**COLLECTED MATERIAL:**
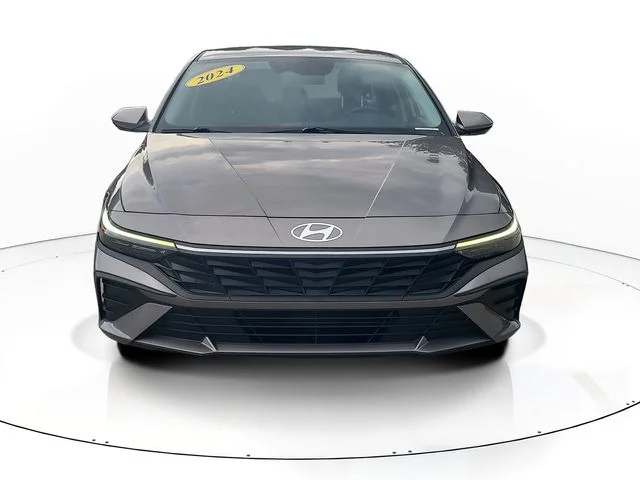 Used 2024  Hyundai SEL image 2
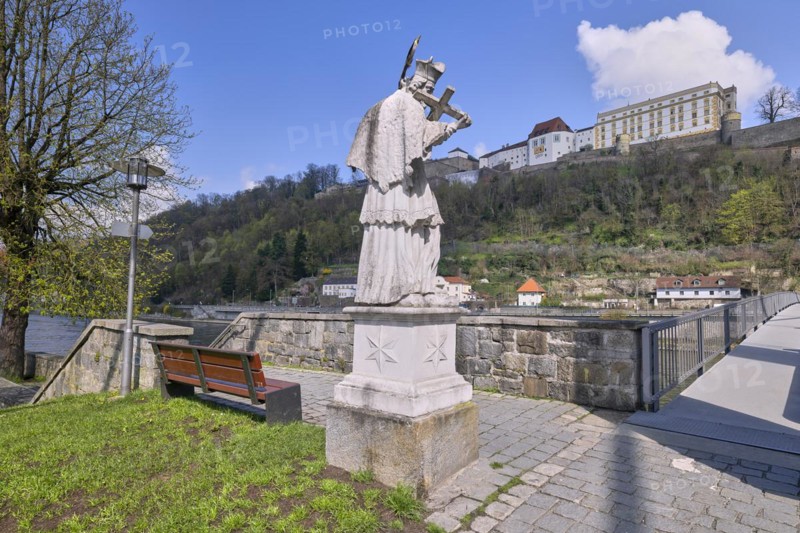 Statue with view of Veste Oberhaus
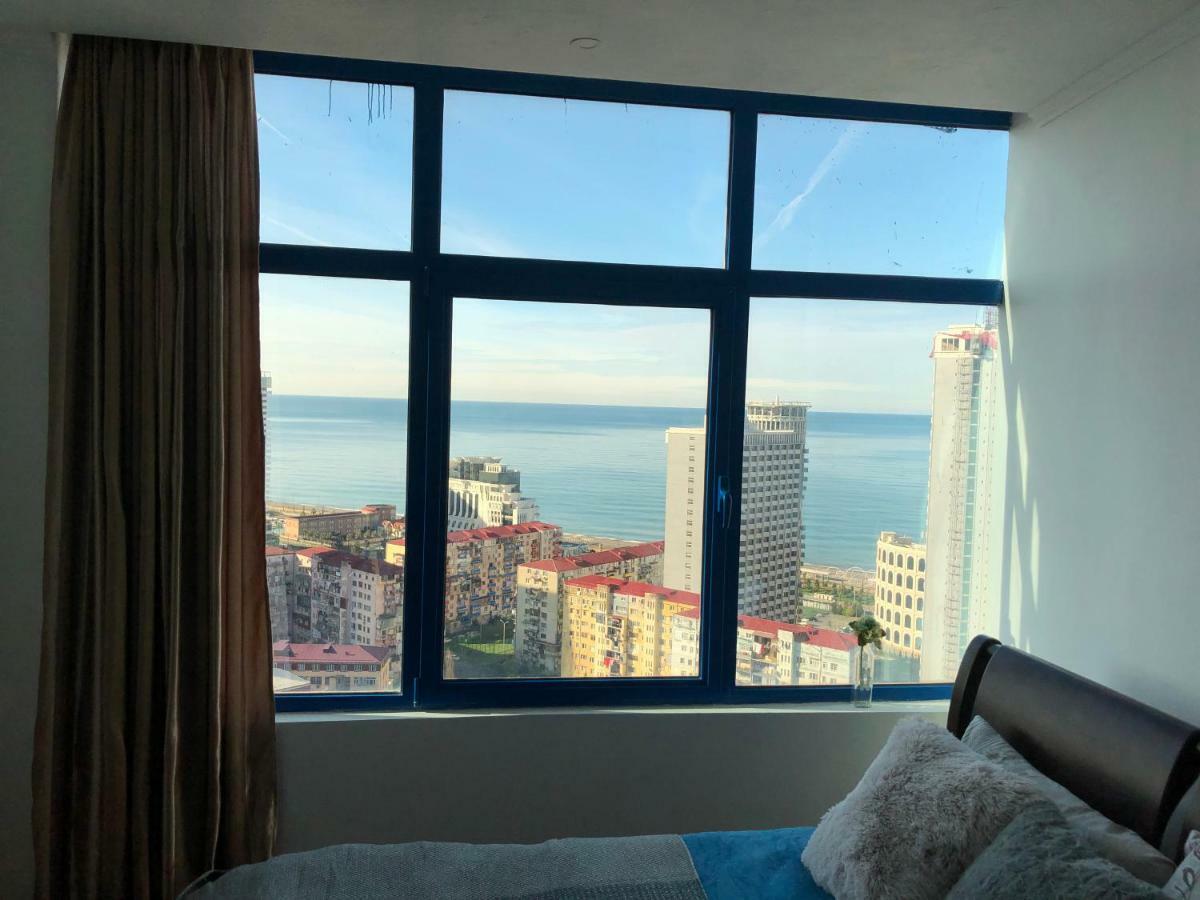 Cozy Bright Apartment With Amazing Sea View บาทูมิ ภายนอก รูปภาพ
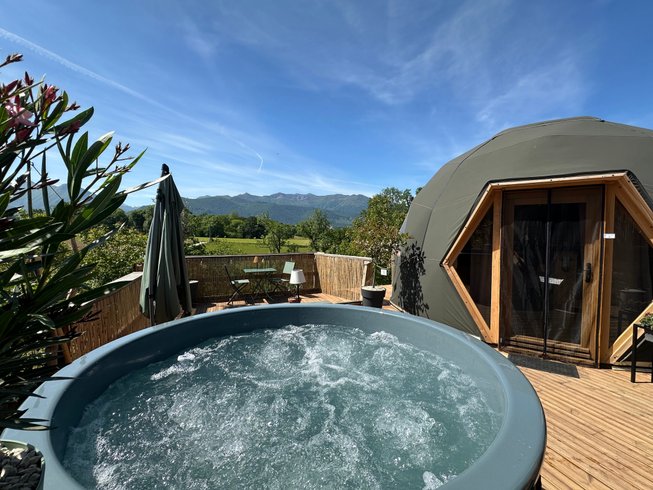 Le dôme de l'étoile du Béarn et son spa privatif : Dôme en Aquitaine (Nouvelle Aquitaine) – dôme à Asson, Pyrénées-Atlantiques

**WHAT YOU ARE ASKED TO DO:**
Find the line with "Cozy Bright Apartment". Return it and each line after it through the end of the data, exactly, without pictures.

**OUTPUT OF THE EXERCISE:**
 Cozy Bright Apartment With Amazing Sea View บาทูมิ ภายนอก รูปภาพ
 Le dôme de l'étoile du Béarn et son spa privatif : Dôme en Aquitaine (Nouvelle Aquitaine) – dôme à Asson, Pyrénées-Atlantiques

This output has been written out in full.